Bug(s) in my Ada program for Number Sequence (OEIS:A033919 - Odd k for which k+2^m is composite for all m < k) Rosetta Code

dmitry-kazakov · November 3, 2024, 7:22pm

It is still Ada.
Anyway, here is an implementation based on 10**39 base (128-bit unsigned). It does not deal with signed integers as you do not need them:

   function Value (S : String) return Valid_Big_Integer is
      package Conversions is new Unsigned_Conversions (Unsigned_128);
      use Conversions;
      Base   : constant Valid_Big_Integer :=
                        Conversions.To_Big_Integer (10**39);
      Result : Valid_Big_Integer;
      Chunk  : Unsigned_128 := 0;
      Length : Natural := 0;
      First  : Boolean := True;
   begin
      if S'Length = 0 then
         raise Constraint_Error;
      end if;     
      for Index in S'Range loop
         case S (Index) is
            when '0'..'9' =>
               Chunk := Chunk * 10
                      + (  Character'Pos (S (Index))
                        -  Character'Pos ('0')
                        );
            when '_' =>
               if Index in S'First | S'Last  or else S (Index - 1) = '_'
               then
                  raise Constraint_Error;
               end if;
            when others =>
               raise Constraint_Error;
         end case;
         if Length < 38 then
            Length := Length + 1;
         else
            if First then
               Result := To_Big_Integer (Chunk);
               First  := False;
            else
               Result := Result * Base + To_Big_Integer (Chunk);
            end if;
            Chunk  := 0;
            Length := 0;
         end if;
      end loop;
      if Length > 0 then
         if First then
            Result := To_Big_Integer (Chunk);
         else
            Result := Result
                    * To_Big_Integer (Unsigned_128'(10) ** Length)
                    + To_Big_Integer (Chunk);
         end if;
      end if;
      return Result;
   end Value;

Irvise · November 3, 2024, 10:44pm

Thank you a lot @dmitry-kazakov!

I think I will need a few more digits though. I have left the PC running fro a few hours and the factor for 50216813883093446110686315385661331328818843555712276103941 (I have counted 59 digits here) is greater than 4_136_965_712_881, so at least the factor would fit in there, but not the actual number…

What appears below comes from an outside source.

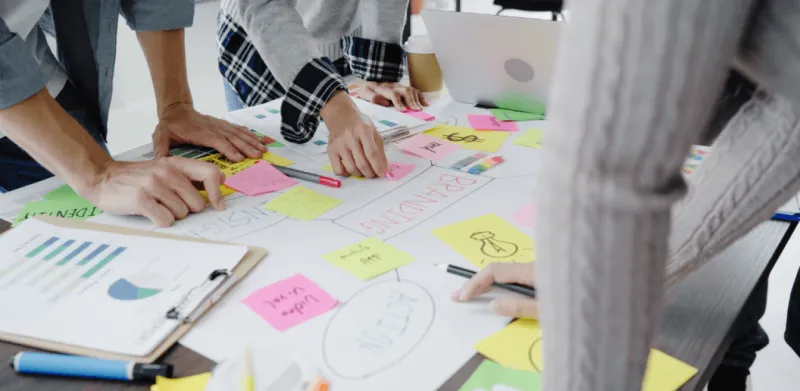 Melebihi Branding: Bagaimana Graphie Membantu Perusahaan Menonjol dengan Strategic Design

I think it would be a nice exercise for me to take your code and expand it to 256 or 512 bits though

Best,
Fer

dmitry-kazakov · November 4, 2024, 8:28am

It is easy if you have Unsigned_256 or Unsigned_512. You need to change 39 and 38=39-1 to the number of decimal places fitting into 256 or 512 respectively.
BTW, I miscalculated the number for 128-bit. So change 39 to 38 and 38 to 37!

simonjwright · November 4, 2024, 1:56pm

I made a version using GNATCOLL_GMP and trying hard to avoid finalizations (using procedure interfaces rather than functions).

Source here - tidy, but casing could be better (ada-ts-mode fumbling).

To get wedged at k=773 takes 2.5s with this, compared to 9.5s with the original Big_Integer implementation. Still not going to give us a result like Go’s 2s for 5 results!

dmitry-kazakov · November 4, 2024, 4:06pm

I cannot tell about GNATCOLL but the implementation of Big_Integer under Windows uses 32-bit words as “digits” and 64-bit as double digits (needed for multiplication). It could be 64 and 128 as 128-bit arithmetic is available.

The the major design issue is lack of in-place operations and Big_Integer x “digit” in-place operations, e.g.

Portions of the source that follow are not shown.